Député·e·s, activistes, militant·e·s, ONG, journalistes, nous nous mobilisons et nous appelons les citoyen·ne·s à se mobiliser autour de ces deux initiatives pour que les droits de ces femmes invisibles qui se cachent derrière nos vêtements soient enfin respectés.
Signataires (par ordre alphabétique)
- Manon Aubry, députée européenne française, co-présidente du Groupe de la Gauche au Parlement européen
- Isabelle Cabrita, fondatrice de Good Gang Paris
- Aurélie Chevrillon, présidente de Max Havelaar France
- Catherine Dauriac, présidente de Fashion Revolution France
- Rokhaya Diallo, journaliste et réalisatrice
- Alma Dufour, députée La France Insoumise dans la 4ème circonscription de Seine-Maritime
- Pascal Durand, député européen français, membre du Groupe de l'Alliance Progressiste des Socialistes et Démocrates au Parlement européen
- Julia Faure, cofondatrice de Loom
- Khaled Gaiji, président des Amis de la Terre France
- Flora Ghebali, entrepreneuse et autrice du livre « Ma génération va changer le monde »
- Pierre Larrouturou, député européen français, membre du groupe Alliance progressiste des socialistes et démocrates au Parlement européen
- Florentin Letissier, Maire-adjoint de Paris chargé de l’économie solidaire et circulaire
- Arielle Lévy, présidente du Collectif UAMEP (Une Autre Mode Est Possible)
- Audrey Millet, historienne et autrice du « Livre noir de la mode »
- Eloïse Moigno, fondatrice de SloWeAre
- Dominique Potier, député Socialiste de la 5ème circonscription de Meurthe-et-Moselle
- Marie Toussaint, députée européenne française, membre du groupe des Verts/Alliance libre européenne au Parlement européen
- Aurélie Trouvé, députée La France Insoumise dans la 9ème circonscription de la Seine-Saint-Denis
1La fast fashion est une mouvance de marques qui, depuis les années 1990/2000 produisent des vêtements très vite, très souvent et pour pas cher.
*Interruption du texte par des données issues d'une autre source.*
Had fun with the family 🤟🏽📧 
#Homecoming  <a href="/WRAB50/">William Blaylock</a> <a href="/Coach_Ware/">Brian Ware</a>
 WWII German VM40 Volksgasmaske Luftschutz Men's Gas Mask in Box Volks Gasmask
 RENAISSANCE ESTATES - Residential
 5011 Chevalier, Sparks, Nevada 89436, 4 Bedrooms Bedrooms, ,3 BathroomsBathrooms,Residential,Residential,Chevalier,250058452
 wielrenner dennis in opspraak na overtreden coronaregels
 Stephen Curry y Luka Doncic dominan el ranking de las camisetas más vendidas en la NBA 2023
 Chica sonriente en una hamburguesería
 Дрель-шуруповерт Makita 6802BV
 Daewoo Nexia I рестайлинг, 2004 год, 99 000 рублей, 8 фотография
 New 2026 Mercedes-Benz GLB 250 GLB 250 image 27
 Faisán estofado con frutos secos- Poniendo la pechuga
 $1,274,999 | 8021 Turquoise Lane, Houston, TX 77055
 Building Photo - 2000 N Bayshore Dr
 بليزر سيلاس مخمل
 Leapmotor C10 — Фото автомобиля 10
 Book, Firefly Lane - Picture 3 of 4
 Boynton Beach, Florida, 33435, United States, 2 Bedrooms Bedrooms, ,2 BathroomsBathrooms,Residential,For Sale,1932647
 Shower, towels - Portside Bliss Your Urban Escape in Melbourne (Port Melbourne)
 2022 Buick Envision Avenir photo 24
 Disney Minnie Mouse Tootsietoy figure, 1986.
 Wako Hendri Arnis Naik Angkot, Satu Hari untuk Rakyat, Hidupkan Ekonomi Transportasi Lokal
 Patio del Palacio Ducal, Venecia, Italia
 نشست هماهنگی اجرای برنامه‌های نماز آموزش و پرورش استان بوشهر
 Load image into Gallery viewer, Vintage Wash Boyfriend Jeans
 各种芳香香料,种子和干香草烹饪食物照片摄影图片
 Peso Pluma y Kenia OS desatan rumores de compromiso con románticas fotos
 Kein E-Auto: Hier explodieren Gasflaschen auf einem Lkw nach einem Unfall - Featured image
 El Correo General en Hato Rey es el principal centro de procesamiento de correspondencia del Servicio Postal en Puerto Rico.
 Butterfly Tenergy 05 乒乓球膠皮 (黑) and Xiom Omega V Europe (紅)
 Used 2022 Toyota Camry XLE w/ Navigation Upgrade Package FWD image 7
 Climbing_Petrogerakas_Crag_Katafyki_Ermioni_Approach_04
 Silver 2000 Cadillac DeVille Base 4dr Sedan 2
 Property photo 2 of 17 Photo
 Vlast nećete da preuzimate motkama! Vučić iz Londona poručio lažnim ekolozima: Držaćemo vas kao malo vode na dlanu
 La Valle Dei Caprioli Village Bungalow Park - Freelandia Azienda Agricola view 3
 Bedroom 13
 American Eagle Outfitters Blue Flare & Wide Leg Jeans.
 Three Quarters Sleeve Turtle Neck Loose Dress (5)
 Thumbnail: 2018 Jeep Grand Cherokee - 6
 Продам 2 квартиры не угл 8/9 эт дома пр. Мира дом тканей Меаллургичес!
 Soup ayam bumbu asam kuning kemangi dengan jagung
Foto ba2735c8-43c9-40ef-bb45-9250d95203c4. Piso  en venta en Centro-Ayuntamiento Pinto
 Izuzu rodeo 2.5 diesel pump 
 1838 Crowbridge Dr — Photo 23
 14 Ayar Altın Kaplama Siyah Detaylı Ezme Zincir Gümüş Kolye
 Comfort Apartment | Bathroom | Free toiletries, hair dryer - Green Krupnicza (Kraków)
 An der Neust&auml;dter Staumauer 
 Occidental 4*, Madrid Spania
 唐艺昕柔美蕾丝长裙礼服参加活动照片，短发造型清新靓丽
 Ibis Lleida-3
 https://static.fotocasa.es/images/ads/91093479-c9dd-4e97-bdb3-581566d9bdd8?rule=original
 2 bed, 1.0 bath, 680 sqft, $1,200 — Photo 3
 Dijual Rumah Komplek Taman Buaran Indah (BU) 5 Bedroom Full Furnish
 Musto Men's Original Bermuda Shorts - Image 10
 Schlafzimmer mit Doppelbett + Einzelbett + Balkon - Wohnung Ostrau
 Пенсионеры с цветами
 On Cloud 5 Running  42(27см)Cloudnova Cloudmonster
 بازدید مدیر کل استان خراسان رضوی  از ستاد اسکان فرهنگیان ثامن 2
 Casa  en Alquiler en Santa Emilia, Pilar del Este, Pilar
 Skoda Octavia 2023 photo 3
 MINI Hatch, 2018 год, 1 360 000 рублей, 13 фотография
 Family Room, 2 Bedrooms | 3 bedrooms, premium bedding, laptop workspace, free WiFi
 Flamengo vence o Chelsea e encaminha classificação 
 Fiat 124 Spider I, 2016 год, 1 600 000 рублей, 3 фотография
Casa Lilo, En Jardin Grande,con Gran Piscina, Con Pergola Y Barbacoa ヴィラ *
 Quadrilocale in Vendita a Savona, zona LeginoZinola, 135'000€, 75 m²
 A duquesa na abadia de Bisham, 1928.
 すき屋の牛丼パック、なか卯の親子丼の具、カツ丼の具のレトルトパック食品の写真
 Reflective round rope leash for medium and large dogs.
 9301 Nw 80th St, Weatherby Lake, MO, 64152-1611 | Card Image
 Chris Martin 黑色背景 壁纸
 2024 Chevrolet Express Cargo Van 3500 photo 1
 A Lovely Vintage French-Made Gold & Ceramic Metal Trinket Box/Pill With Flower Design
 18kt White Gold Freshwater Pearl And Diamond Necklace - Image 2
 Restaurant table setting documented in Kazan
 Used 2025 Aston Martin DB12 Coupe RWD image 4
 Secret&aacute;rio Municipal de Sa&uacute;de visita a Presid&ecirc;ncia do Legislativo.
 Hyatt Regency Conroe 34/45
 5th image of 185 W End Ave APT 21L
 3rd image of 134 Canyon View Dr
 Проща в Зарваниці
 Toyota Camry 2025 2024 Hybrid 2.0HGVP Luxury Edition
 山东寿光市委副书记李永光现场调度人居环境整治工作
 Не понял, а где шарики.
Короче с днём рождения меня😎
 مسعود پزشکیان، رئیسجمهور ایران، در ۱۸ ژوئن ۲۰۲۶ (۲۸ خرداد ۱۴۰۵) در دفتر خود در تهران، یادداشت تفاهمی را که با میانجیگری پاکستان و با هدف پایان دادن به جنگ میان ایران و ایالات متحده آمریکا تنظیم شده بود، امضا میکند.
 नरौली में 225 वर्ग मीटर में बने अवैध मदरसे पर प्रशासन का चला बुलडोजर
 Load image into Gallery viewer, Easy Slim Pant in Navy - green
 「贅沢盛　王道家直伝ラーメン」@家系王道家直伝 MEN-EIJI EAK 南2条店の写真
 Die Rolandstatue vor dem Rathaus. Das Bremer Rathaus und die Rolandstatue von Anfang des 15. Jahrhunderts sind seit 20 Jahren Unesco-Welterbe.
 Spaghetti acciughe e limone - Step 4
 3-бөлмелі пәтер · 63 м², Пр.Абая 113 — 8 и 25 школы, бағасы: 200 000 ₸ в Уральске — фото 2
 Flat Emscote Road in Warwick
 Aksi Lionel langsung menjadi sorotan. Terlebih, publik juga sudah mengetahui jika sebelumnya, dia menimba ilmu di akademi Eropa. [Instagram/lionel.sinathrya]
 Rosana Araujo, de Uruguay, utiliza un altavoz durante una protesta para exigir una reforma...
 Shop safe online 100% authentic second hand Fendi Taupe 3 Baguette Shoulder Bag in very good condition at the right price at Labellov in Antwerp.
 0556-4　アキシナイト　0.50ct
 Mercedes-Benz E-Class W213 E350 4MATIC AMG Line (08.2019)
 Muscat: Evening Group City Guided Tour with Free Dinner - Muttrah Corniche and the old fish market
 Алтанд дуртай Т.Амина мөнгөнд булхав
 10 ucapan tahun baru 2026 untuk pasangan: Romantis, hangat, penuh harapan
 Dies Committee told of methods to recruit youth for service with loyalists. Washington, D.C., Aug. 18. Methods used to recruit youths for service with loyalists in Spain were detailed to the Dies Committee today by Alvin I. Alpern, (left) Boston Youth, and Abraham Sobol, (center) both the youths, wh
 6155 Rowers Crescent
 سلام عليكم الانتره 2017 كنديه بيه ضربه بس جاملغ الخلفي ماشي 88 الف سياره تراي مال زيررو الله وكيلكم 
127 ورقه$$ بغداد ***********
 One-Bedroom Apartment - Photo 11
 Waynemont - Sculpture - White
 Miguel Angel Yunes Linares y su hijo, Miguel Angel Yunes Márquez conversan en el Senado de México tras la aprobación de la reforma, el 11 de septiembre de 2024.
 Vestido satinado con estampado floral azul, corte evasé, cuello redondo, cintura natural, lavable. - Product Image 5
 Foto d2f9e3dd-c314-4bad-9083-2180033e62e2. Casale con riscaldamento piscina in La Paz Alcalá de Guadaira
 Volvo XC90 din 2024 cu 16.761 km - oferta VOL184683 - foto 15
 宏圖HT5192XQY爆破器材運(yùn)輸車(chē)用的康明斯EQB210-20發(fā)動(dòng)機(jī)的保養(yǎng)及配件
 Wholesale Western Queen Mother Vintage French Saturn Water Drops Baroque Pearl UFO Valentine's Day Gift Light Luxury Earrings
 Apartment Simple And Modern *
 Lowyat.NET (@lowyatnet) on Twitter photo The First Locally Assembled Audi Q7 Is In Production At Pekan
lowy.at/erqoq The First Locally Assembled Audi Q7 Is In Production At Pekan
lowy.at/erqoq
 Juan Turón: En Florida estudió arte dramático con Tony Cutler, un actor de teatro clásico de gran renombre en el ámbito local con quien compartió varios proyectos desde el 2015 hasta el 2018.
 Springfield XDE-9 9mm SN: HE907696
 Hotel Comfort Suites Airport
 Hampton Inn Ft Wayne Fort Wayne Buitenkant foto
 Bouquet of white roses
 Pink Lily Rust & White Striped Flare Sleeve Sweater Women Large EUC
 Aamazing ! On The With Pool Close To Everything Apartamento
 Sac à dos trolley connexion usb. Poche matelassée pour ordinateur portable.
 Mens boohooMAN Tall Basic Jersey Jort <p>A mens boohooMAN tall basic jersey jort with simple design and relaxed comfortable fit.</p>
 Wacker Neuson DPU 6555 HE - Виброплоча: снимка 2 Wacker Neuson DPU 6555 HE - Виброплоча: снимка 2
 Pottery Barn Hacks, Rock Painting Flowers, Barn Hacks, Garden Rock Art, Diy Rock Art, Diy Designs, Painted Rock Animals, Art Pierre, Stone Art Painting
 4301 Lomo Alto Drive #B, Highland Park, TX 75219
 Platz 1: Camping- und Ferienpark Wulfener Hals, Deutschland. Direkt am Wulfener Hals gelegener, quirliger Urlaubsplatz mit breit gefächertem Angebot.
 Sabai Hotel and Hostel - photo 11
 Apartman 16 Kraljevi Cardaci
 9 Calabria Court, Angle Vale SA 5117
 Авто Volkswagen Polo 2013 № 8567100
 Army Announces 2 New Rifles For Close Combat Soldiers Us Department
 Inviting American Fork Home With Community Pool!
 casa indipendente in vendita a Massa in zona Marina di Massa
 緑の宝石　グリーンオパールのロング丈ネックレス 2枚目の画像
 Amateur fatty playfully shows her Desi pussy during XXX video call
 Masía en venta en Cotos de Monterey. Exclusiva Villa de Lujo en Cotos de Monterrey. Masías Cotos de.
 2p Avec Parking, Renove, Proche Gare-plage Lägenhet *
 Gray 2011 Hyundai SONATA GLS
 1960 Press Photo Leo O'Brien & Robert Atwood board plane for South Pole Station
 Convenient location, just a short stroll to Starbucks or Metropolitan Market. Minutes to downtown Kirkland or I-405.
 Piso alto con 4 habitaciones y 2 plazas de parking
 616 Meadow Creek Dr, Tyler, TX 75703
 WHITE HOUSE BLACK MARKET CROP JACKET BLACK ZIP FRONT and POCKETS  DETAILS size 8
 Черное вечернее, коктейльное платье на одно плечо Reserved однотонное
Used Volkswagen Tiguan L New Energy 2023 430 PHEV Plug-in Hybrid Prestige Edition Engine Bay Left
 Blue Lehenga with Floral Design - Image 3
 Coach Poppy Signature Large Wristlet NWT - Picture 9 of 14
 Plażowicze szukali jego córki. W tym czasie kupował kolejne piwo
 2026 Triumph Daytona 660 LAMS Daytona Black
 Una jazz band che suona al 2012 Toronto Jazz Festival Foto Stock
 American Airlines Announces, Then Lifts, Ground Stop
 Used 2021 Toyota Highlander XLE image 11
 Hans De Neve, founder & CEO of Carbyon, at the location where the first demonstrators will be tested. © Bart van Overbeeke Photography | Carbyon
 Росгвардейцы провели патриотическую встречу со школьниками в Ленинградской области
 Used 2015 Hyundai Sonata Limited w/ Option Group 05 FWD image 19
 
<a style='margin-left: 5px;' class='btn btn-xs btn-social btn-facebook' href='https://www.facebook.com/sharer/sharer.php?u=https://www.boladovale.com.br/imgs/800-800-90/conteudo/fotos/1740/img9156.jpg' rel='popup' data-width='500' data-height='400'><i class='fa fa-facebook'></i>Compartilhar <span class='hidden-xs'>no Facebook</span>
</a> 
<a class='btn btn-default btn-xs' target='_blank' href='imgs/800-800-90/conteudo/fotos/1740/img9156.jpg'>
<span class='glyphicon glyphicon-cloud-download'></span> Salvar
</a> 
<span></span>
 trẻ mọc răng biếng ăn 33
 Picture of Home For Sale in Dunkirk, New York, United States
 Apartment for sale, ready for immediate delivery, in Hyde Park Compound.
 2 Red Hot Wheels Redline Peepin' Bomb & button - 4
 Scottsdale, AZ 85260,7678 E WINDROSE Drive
Une marque de fast fashion peut sortir jusqu’à 36 collections par an, contre 4 pour une marque de mode classique. Ce modèle a de nombreux impacts sociaux et environnementaux. Depuis les années 2010/2020, un nouveau mouvement apparaît, l’ultra fast fashion, reposant sur un renouvellement encore plus rapide des collections, certaines marques allant jusqu’à renouveler leurs collections toutes les deux semaines, voire moins.
2Poverty Wages, Clean clothes, Poverty Wages
3Hidden Hands: Homeworkers and their role in the global fashion value chain, Fashion Revolution
4Le devoir de vigilance est une obligation faite aux entreprises donneuses d’ordre de prévenir les risques sociaux, environnementaux et de gouvernance liés à leurs opérations mais qui peut aussi s'étendre aux activités de leurs filiales et de leurs partenaires commerciaux (sous-traitants et fournisseurs).
6Un salaire vital est un salaire reçu pour une semaine de travail standard (48 heures) devant permettre aux travailleur·euse·s de couvrir leurs besoins fondamentaux et permettre une existence digne à tous les membres de leur foyer : un accès à l’alimentation, une eau saine, un logement décent, l’éducation, l’habillement, les soins de santé et autres besoins essentiels, ainsi qu’une réserve pour les urgences et les économies.
7La campagne est une initiative citoyenne européenne, un instrument unique permettant aux citoyen·ne·s de participer à la construction de l’Union européenne en demandant à la Commission européenne de proposer de nouvelles législations. Dès qu’une initiative atteint la barre du million de signatures, la Commission doit décider de l’action à entreprendre pour répondre à la campagne.